Our data also suggest that higher levels of urine OPN and NGAL are associated with better kidney function. The underlying mechanism(s) may deserve further studies. OPN is a phosphorylated protein of wide tissue distribution that is found in association with dystrophic calcification including in the organic matrix of kidney stones. Although there is still debate regarding its effect upon crystal adhesion to tubular epithelial cells, studies have clearly demonstrated that OPN is a strong inhibitor of crystal formation and growth in vitro [33]. In the current study, urine levels of OPN were not independently associated with oxalate excretion, PTOx, or CaOx crystallization. Although the relatively small sample size could be a factor, it is also possible that urinary excretion of these biomarkers is also influenced by the amount of healthy renal mass, as reflected by eGFR. A similar rationale might be applied to urinary NGAL in the current study, which appears to have potential as a biomarker for acute kidney injury [34] and as a highly sensitive and specific predictor of systemic inflammatory response syndrome for patients presenting with nephrolithiasis [35]. In the case of OPN, it is also possible that CaOx crystallization could upregulate its production, but it is then incorporated into the developing crystals rather that excreted into the urine. Future prospective studies with larger group sizes may help further define the roles of osteopontin and NGAL in ongoing renal damage in PH.

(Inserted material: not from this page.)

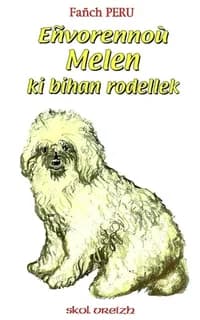 Envorennou melen ki bihan rodelek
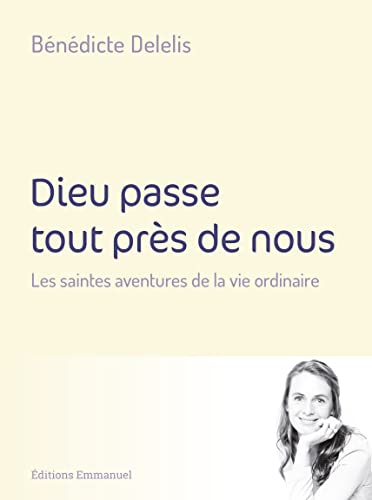 Dieu passe tout près de nous: méditations sur la vie ordinaire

Our study has certain limitations. The number of patient samples was limited and they were not collected on a protocolized basis; thus results may have been biased towards those with more severe disease. However, this is one of the larger cohorts of patients with the rare disorder of PH to have a comprehensive panel of kidney injury biomarkers assessed. Furthermore, we lacked detailed clinical data from the control population including recent dietary intakes. However, the subjects lacked a clinical diagnosis of kidney disease or kidney stone disease and were a similar subset of the group used to define the reference ranges in our laboratory for kidney stone analytes. Thus, we have no reason to suspect that there urine composition would different any systematic way from the reference values in our laboratory.

Conclusions

Although the mechanisms are not entirely clear, CaOx crystallization in renal tubules has been considered as one of the critical therapeutic targets in the development of new therapeutic approach to treat PH. The association between urine level of MCP-1 and CaOx crystallization may suggest urine MCP-1 could be used as a marker to assist the evaluation for the effectiveness of treatments in PH patients. In addition, this association may suggest that MCP-1 signaling pathway might be in involved in the etiology of renal damage in PH. Further prospective studies are warranted to determine whether urine excretion of MCP-1 can predict long term outcomes.